The video game industry is similar to the music industry in a lot of ways. They are both victims of their time and will need to adapt their business models to survive in a digital age. With PAX East 2013 descending once again upon Boston, MA this weekend, much of the news has been focused on upcoming releases and what we can expect to see at the convention. It is almost difficult to believe that the video game industry as a whole is still slumping, but it is. Google's Android OS has opened doors for independent developers like never before, and companies like OUYA are taking the platform to new places. On the flip side, comparable to corporate record labels, we have the major game publishers/developers who are taking financial hits each quarter. This is the reason Electronic Arts (EA) CEO John Riccitiello resigned shortly after the market closed on Monday.

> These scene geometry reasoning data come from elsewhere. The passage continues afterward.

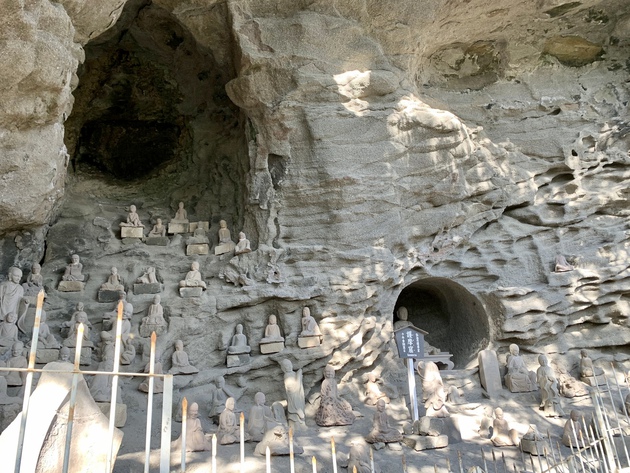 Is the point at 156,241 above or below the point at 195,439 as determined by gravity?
above

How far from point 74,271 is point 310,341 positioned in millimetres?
4823

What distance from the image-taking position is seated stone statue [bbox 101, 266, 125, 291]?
424 inches

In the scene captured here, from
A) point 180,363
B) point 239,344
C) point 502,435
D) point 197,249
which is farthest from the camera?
point 197,249

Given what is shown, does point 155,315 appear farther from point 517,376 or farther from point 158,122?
point 517,376

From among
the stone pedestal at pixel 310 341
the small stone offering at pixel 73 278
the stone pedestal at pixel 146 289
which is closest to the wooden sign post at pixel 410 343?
the stone pedestal at pixel 310 341

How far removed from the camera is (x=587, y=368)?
11.6 meters

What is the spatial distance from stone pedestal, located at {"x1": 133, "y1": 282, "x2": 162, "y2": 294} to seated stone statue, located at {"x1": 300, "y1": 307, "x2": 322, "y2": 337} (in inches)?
115

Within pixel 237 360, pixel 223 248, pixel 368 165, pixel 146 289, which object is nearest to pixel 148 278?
pixel 146 289

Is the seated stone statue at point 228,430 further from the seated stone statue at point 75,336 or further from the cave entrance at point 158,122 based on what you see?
the cave entrance at point 158,122

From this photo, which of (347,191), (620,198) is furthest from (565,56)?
(347,191)

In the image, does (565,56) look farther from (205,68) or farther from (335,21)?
(205,68)

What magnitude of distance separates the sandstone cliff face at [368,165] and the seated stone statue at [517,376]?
1.00m

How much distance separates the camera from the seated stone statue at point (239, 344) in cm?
1023

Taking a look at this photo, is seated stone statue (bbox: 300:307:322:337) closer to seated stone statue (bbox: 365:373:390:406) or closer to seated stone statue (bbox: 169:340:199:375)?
seated stone statue (bbox: 365:373:390:406)
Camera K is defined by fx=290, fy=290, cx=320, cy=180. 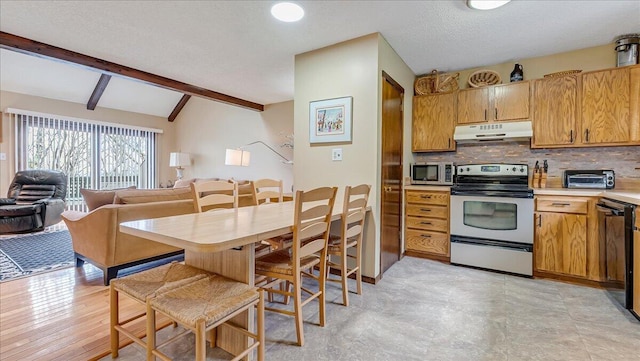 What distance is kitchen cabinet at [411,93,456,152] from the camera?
3430mm

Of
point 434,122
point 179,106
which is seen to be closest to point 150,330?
point 434,122

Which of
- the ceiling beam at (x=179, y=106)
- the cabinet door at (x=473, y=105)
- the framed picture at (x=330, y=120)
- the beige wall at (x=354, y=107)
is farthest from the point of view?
the ceiling beam at (x=179, y=106)

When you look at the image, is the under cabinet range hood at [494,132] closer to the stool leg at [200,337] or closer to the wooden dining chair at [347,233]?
the wooden dining chair at [347,233]

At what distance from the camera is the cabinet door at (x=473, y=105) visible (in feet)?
10.6

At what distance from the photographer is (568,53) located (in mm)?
3039

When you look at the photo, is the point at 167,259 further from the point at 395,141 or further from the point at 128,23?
Result: the point at 395,141

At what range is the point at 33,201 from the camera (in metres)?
4.65

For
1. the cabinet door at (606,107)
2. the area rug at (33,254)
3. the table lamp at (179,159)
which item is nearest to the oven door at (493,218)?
Answer: the cabinet door at (606,107)

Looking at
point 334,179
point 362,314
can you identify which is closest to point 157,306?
point 362,314

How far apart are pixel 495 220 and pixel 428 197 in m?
0.68

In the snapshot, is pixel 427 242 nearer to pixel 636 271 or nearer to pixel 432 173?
pixel 432 173

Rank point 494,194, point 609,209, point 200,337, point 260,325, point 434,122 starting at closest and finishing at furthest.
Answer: point 200,337 < point 260,325 < point 609,209 < point 494,194 < point 434,122

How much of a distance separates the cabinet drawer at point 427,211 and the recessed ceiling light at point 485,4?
1.90m

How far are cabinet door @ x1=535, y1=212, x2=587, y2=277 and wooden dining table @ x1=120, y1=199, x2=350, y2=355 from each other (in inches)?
96.6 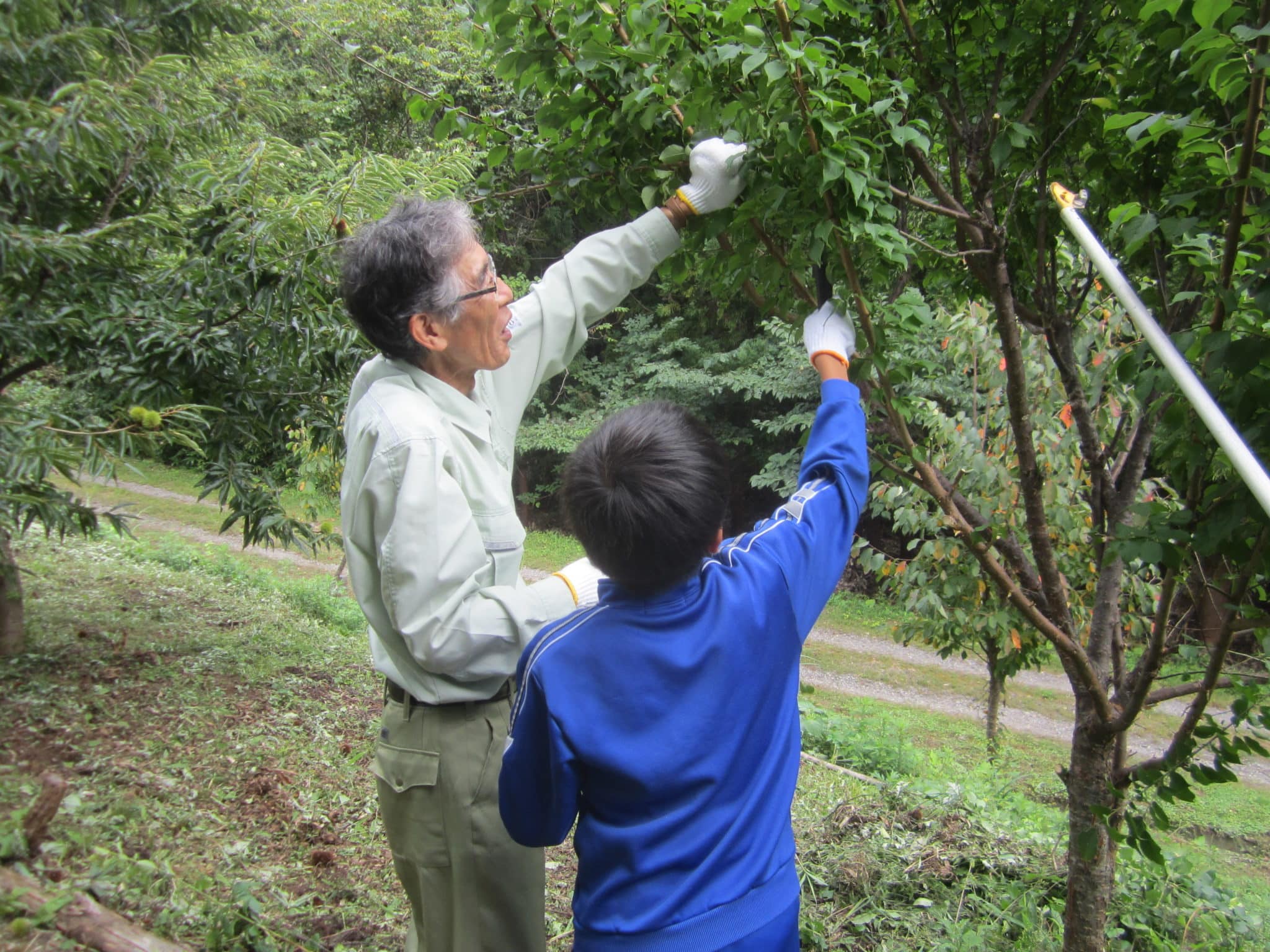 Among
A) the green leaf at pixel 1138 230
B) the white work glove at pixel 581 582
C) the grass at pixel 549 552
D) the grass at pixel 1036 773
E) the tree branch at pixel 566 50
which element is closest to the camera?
the green leaf at pixel 1138 230

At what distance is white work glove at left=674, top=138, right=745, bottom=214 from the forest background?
59 mm

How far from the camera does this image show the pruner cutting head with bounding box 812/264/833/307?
1868 mm

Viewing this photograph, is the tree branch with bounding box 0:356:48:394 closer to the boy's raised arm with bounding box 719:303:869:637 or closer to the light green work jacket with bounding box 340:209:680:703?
the light green work jacket with bounding box 340:209:680:703

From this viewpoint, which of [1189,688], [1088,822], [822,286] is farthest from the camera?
[1088,822]

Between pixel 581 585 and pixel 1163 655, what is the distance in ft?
4.43

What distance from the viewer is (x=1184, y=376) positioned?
4.53 feet

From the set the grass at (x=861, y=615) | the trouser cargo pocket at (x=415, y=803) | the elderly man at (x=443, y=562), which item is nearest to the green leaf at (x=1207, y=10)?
the elderly man at (x=443, y=562)

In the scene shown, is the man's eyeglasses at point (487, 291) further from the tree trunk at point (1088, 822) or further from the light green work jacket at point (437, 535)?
the tree trunk at point (1088, 822)

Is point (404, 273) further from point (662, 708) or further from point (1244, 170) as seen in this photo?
point (1244, 170)

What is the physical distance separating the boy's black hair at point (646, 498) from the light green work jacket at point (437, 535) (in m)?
0.29

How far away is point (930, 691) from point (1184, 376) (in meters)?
10.2

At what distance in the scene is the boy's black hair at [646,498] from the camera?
4.41 ft

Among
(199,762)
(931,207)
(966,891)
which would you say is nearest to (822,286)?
(931,207)

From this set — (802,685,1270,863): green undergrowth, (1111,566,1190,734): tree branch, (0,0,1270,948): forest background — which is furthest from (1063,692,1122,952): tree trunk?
(802,685,1270,863): green undergrowth
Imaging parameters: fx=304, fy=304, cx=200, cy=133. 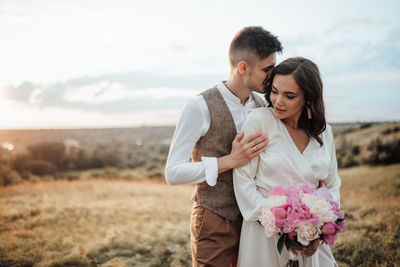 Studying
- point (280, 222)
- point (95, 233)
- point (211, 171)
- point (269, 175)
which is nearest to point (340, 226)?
point (280, 222)

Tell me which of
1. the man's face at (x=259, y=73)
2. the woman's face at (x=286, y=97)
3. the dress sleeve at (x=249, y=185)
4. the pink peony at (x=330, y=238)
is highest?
the man's face at (x=259, y=73)

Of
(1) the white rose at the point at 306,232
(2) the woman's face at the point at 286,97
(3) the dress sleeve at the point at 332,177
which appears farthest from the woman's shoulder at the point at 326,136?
(1) the white rose at the point at 306,232

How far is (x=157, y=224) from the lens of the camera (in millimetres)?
6625

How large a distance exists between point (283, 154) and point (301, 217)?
60cm

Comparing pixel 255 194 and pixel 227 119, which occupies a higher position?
pixel 227 119

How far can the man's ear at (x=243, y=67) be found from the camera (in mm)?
2688

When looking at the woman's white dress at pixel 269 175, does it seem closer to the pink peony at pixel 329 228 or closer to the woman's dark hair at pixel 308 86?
the woman's dark hair at pixel 308 86

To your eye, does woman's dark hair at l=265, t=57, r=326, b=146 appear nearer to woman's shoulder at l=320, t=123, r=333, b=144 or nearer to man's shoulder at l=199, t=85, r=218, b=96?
woman's shoulder at l=320, t=123, r=333, b=144

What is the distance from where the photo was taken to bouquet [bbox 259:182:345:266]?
1.94m

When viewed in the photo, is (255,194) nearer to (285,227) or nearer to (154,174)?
(285,227)

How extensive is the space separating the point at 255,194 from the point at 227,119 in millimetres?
664

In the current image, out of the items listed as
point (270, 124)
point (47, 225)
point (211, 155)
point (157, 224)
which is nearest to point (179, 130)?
point (211, 155)

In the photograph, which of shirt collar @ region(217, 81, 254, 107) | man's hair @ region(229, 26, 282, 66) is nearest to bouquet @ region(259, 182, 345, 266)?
shirt collar @ region(217, 81, 254, 107)

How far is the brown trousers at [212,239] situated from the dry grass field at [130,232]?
7.57ft
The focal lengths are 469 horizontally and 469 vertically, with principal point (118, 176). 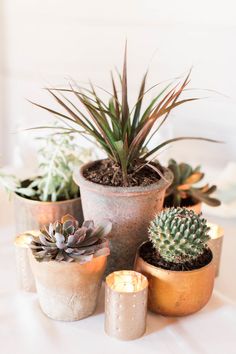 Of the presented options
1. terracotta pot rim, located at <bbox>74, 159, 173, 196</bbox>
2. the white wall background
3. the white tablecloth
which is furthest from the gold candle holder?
the white wall background

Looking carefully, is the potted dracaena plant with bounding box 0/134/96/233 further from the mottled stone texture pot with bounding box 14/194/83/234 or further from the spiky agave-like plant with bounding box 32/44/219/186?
the spiky agave-like plant with bounding box 32/44/219/186

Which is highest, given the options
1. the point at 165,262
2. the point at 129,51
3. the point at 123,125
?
the point at 129,51

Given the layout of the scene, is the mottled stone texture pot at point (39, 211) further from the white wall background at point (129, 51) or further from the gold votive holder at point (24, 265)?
the white wall background at point (129, 51)

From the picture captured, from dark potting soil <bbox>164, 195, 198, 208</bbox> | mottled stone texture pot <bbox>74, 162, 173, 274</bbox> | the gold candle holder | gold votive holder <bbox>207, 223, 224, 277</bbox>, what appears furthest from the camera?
dark potting soil <bbox>164, 195, 198, 208</bbox>

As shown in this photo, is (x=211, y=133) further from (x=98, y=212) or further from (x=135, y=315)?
(x=135, y=315)

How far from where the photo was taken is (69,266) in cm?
82

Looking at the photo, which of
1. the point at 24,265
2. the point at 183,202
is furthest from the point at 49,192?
the point at 183,202

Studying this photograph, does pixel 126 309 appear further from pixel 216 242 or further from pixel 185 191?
pixel 185 191

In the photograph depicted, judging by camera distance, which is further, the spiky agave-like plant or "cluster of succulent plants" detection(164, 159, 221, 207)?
"cluster of succulent plants" detection(164, 159, 221, 207)

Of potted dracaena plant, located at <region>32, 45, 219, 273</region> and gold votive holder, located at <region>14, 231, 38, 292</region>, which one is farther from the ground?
potted dracaena plant, located at <region>32, 45, 219, 273</region>

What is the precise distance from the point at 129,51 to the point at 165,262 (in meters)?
1.25

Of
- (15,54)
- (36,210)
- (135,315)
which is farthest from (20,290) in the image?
(15,54)

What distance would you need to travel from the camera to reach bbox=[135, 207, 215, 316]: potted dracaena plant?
83 centimetres

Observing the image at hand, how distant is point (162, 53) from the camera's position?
6.07 ft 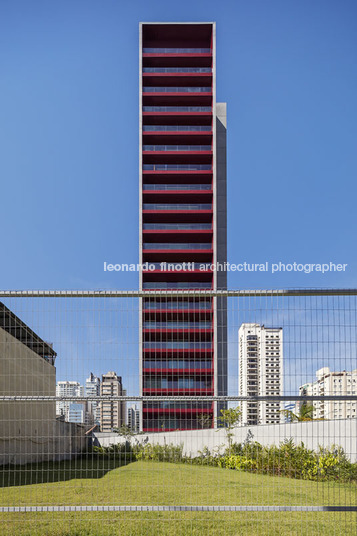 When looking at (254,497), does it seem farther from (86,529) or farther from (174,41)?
(174,41)

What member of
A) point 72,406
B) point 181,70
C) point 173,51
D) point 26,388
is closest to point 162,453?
point 72,406

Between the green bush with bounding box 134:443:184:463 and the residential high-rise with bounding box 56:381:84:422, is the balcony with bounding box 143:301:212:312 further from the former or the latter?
the green bush with bounding box 134:443:184:463

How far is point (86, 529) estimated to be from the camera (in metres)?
6.38

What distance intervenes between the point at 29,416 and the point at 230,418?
2.41 metres

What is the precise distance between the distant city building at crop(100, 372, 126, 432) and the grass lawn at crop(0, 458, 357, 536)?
0.41m

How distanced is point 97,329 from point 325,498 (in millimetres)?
3316

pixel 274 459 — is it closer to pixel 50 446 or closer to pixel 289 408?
pixel 289 408

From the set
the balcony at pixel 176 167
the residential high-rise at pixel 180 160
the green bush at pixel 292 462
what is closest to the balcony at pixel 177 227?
the residential high-rise at pixel 180 160

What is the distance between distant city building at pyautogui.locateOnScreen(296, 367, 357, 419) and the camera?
20.9 ft

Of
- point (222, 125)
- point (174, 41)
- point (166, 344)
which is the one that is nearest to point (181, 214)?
point (222, 125)

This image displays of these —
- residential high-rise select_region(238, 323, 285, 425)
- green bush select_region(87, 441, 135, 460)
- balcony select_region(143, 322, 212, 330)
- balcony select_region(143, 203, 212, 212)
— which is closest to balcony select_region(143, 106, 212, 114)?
balcony select_region(143, 203, 212, 212)

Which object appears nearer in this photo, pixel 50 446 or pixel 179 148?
pixel 50 446

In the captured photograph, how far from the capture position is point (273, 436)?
6.49 m

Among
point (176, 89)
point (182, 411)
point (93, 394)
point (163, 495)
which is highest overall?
point (176, 89) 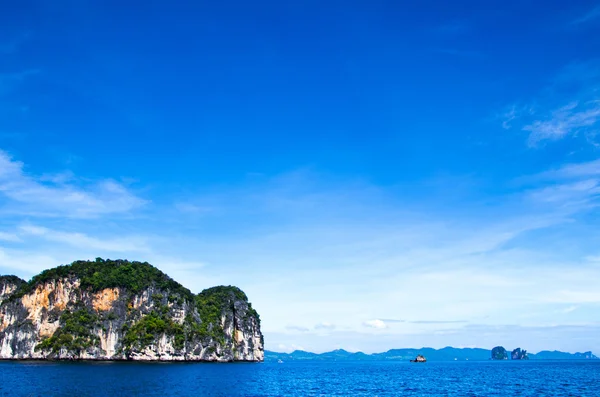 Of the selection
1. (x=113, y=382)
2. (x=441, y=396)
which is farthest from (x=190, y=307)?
(x=441, y=396)

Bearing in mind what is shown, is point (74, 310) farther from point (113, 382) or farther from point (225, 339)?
point (113, 382)

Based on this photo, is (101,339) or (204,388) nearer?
(204,388)

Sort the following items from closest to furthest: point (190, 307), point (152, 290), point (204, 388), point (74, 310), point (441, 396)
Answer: point (441, 396)
point (204, 388)
point (74, 310)
point (152, 290)
point (190, 307)

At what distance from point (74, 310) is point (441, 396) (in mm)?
103089

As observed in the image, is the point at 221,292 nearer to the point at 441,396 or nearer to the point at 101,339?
the point at 101,339

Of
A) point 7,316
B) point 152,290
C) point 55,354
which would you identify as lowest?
point 55,354

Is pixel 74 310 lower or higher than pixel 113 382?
higher

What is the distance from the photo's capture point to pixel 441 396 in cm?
5638

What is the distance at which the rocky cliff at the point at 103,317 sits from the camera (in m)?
119

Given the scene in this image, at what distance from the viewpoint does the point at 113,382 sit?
205ft

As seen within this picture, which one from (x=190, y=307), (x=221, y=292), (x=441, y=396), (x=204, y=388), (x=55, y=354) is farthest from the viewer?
(x=221, y=292)

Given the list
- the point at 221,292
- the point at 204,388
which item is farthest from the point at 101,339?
the point at 204,388

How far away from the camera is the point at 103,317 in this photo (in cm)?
12456

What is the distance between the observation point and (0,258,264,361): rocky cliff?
119 metres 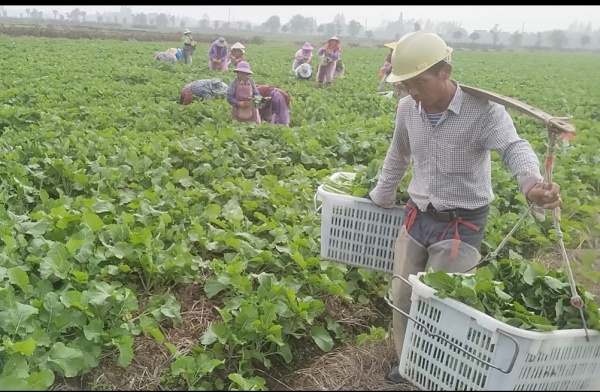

NASDAQ.com reports, "Over the last five years, [EA's] stock has lost around 60 percent and EA has not been able to recover from losses incurred in late 2008."
Riccitiello's resignation comes, apparently, on his own freewill citing these very losses. He was appointed CEO in 2007, but regardless of whether the company's lack of profitability comes from poor investments, poor decision making, or just poor timing is irrelevant. In a message to EA employees, he accepts total responsibility and holds himself "100 percent accountable." In his tenure, EA has made a notable shift from publishing digital games for PC and mobile devices than more expensive packed discs playable on living room consoles (i.e. Xbox 360, PlayStation 3, and Wii). The company purchased mobile and social network developer, PopCap Games, for $1.3 billion and PlayFish Ltd. for $275 million. This attempt to reposition the company alongside of its most lucrative subdivision, EA Sports, unfortunately wasn't enough to keep EA's revenue from dropping 23 percent over the last three months.
Looking ahead at what to expect for the rest of this year, it becomes more clear as to why EA is suffering from falling short of gamers' expectations. "Dead Space 3" sold under what was anticipated. The company recently released "SimCity" will be releasing "Army or Two: The Devil's Cartel" and possibly "Battlefield 4" on March 26. Are there any EA games people can be excited for this year?